2023 – High-Performance Optimization, Backpropagation, Quantum Computing

Research, Native (C++)

#### High Performance Contraction of Brickwall Quantum

Circuits for Riemannian Optimization

Quantum computers show a lot of promise in enabling the large-scale computational workloads of the future. Their capability scales exponentially with the number of qubits used. Due to this property, they are well suited for Hamiltonian simulation, the simulation of quantum processes itself scaling exponentially.

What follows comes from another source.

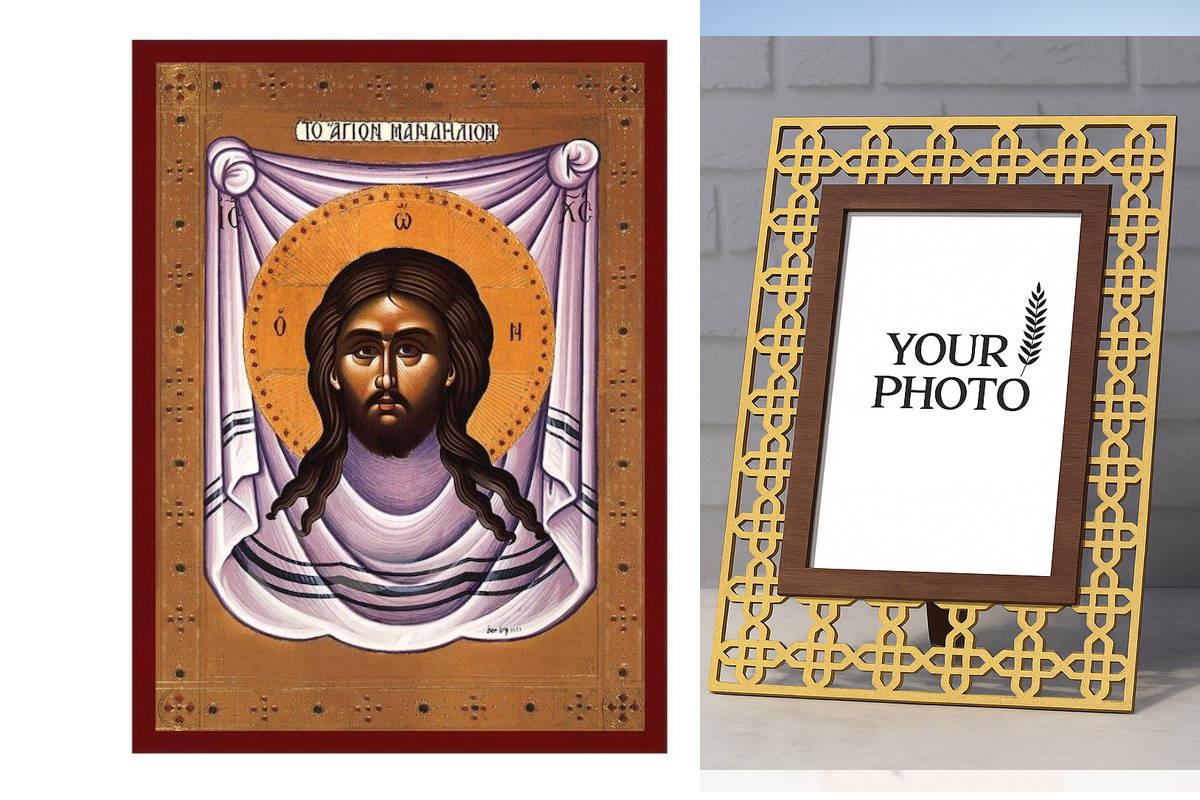 Εικόνα Ορθοδοξίας Πολυτελείας  με  σχεδιο Σταυρούς μαζι με  Βάση σε  8 χρώματα με περίγραμμα χρυσό σε ξύλο Plywood (Πλακάζ)   με  βάση Jesus Christ The Holy Mandylion Icon, Χειροποίητη ελληνορθόδοξη εικόνα του Ιησού Χριστού, επιτοίχια βυζαντινή τέχνη, ορθ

Various solutions for building a quantum circuit for this purpose exist. Those are not suitable for error-prone systems of the NISQ area though. One possible mitigation for this problem is shortening the circuit by using Riemannian optimization. This works well for 1-dimensional systems but breaks down when looking at larger 2-dimensional cases as the complexity of the classical method scales exponentially with the qubit count. Applying it therefore requires efficient brickwall tensor network contraction as well as gradient and Hessian computation performance and memory-wise. Existing methods for contraction and the similar problem of deep learning fail to exploit the specific constrained structure of the given brickwall and thereby fall short of solving the problem quickly.

This thesis investigates whether brickwall tensor network contraction can be optimized sufficiently to be run in a reasonable time frame. Algorithms for the various subtasks such as gradient and Hessian computation are proposed. A native implementation of those is provided, tested for correctness, and evaluated for performance improvements.

The largest gain is achieved by applying the tensor network to all 1-hot state vectors gate-wise instead of performing a contraction of the layer matrices. The other major improvement is using caching to store intermediate results. The performance of the gradient is increased by a factor of 30, that of the Hessian by 10. The memory requirement is reduced from at least 72 GB to less than 2 GB. The efficiency is L3 cache-bound but given enough space on a server processor scales well with parallelization over cores and distribution over multiple nodes.

Using the algorithms developed in this work on a compute cluster, obtaining the gradients and Hessians required for the Riemannian quantum circuit optimization is possible significantly faster in a matter of weeks rather than years.